|Will you tell us a little about the origins of this story? |
I have always aspired to sell to Analog so I decided to take another shot at writing a hard science story. Also, I needed a story to bring to the Sycamore Hill Writers Workshop. Maybe these two things were working against each other because the science in this story is hard enough that Greg Benford bought it as a reprint for his anthology Skylife. But messing around with the narration to impress my mates at SycHill might have been a deal breaker for the Analog audience. In any event, Stan Schmidt passed and Gardner Dozois didn’t.
Despite Cleo’s seeming confidence, there’s a vulnerable uneasiness to her banter, as if she’s one of those people who talk more (instead of less) when they’re nervous. Is she trying to convince herself, as well as Jane, that she made the right decision?
No question that she is uneasy about her decision, although I think she knows all too well that Elena was right. Of course, Cleo has also altered her personality and isn’t really herself again until well into the story.

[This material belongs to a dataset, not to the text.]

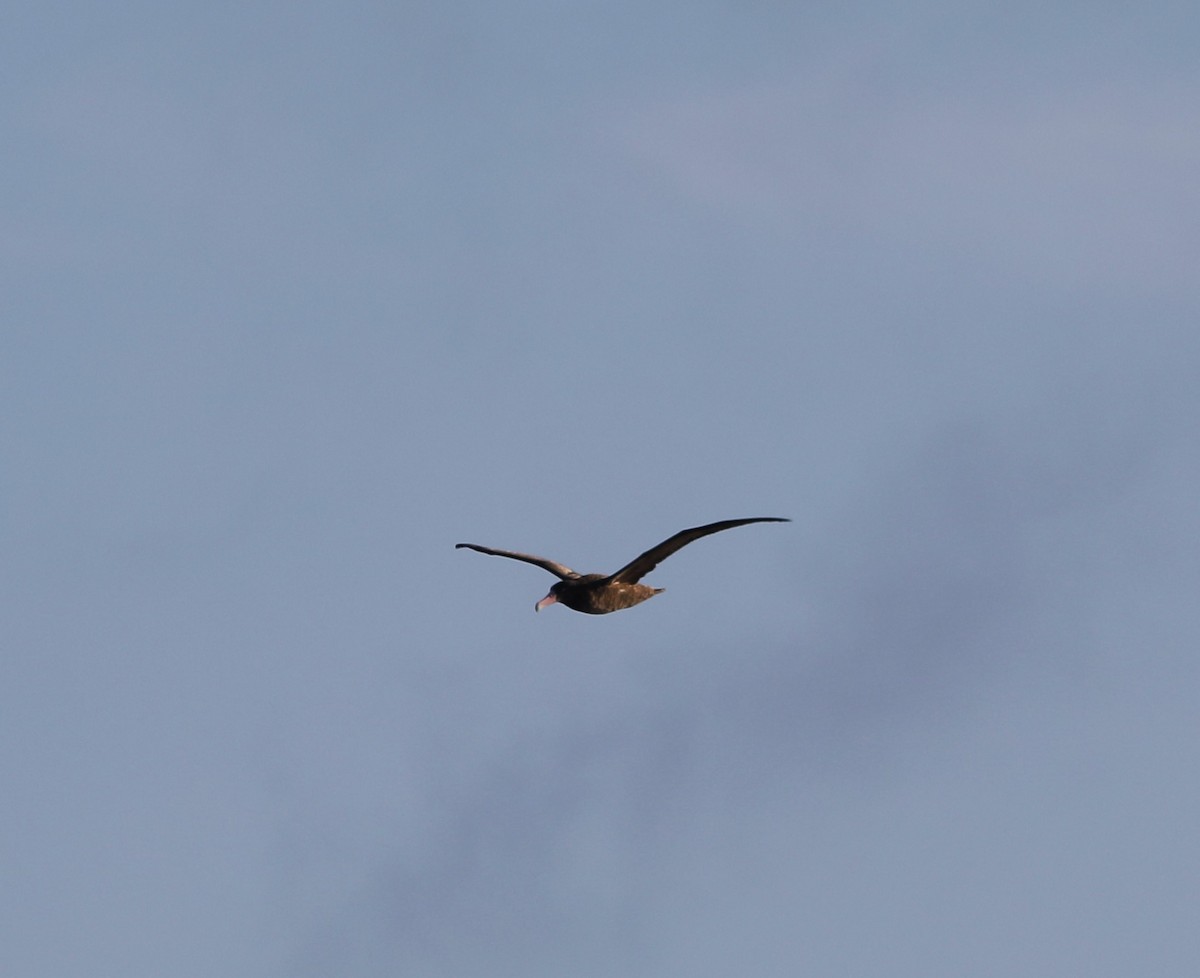 Short-tailed Albatross - ML609607787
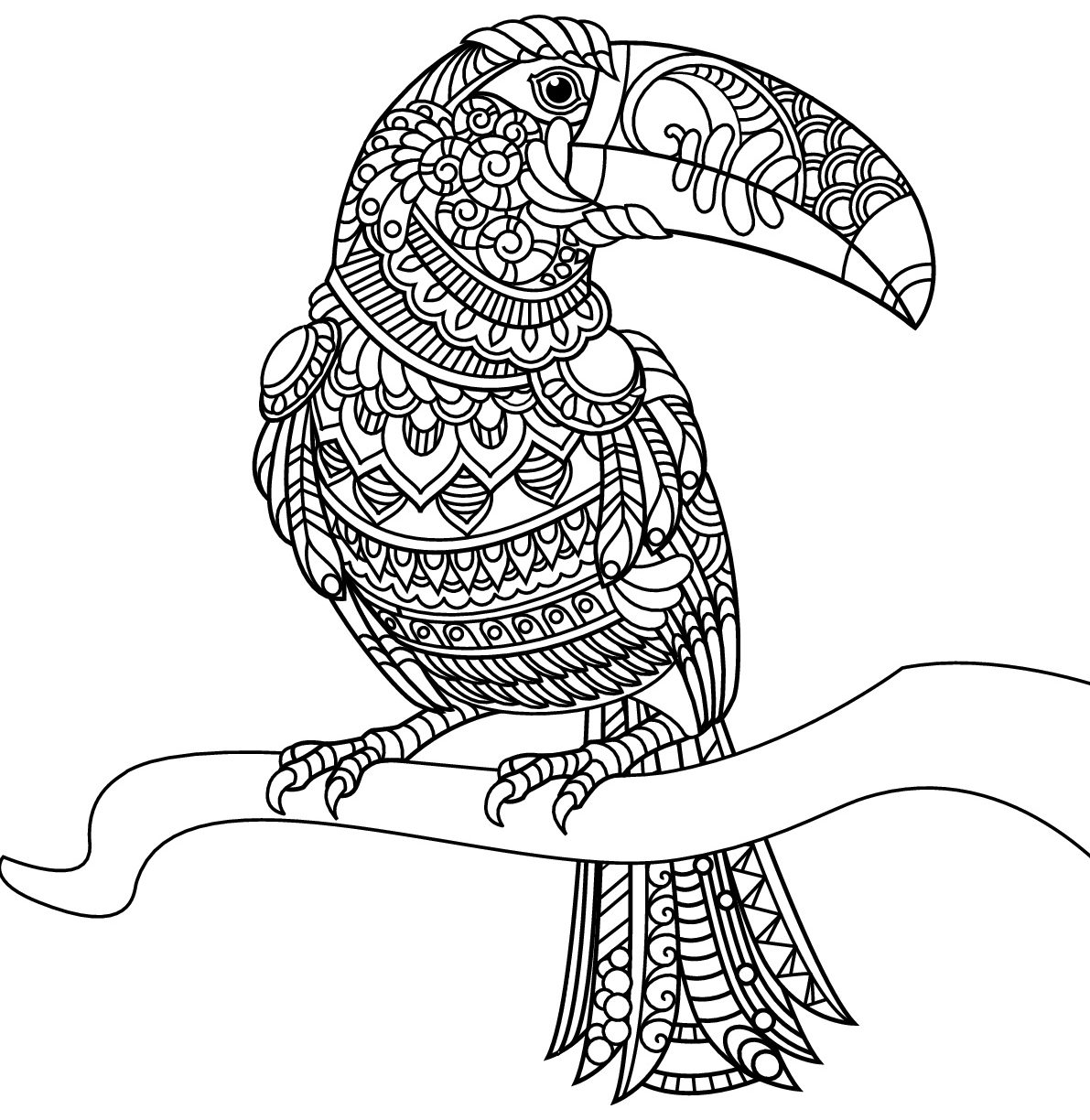 1191x1224 Toucan Coloring Pages To Print Page For Preschoolers Sam Free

Cleo mentions that she “moved to the night” when she was young. Now she owns a day-night timeshare. The fact that both space travel and regular life are so greatly changed from anything we’re familiar with adds a great deal of believability to the story. Were there any other reasons you chose to advance life on earth in addition to space travel?
I decided to make it clear that one of the reasons why anyone would go to space, given that living there would lop years off one’s life span, is that life on Earth is much less attractive in the world of the story than it is in our world. Extrapolating a more crowded and less fulfilling mundane existence makes the glamour of breaking away into space seem more inviting.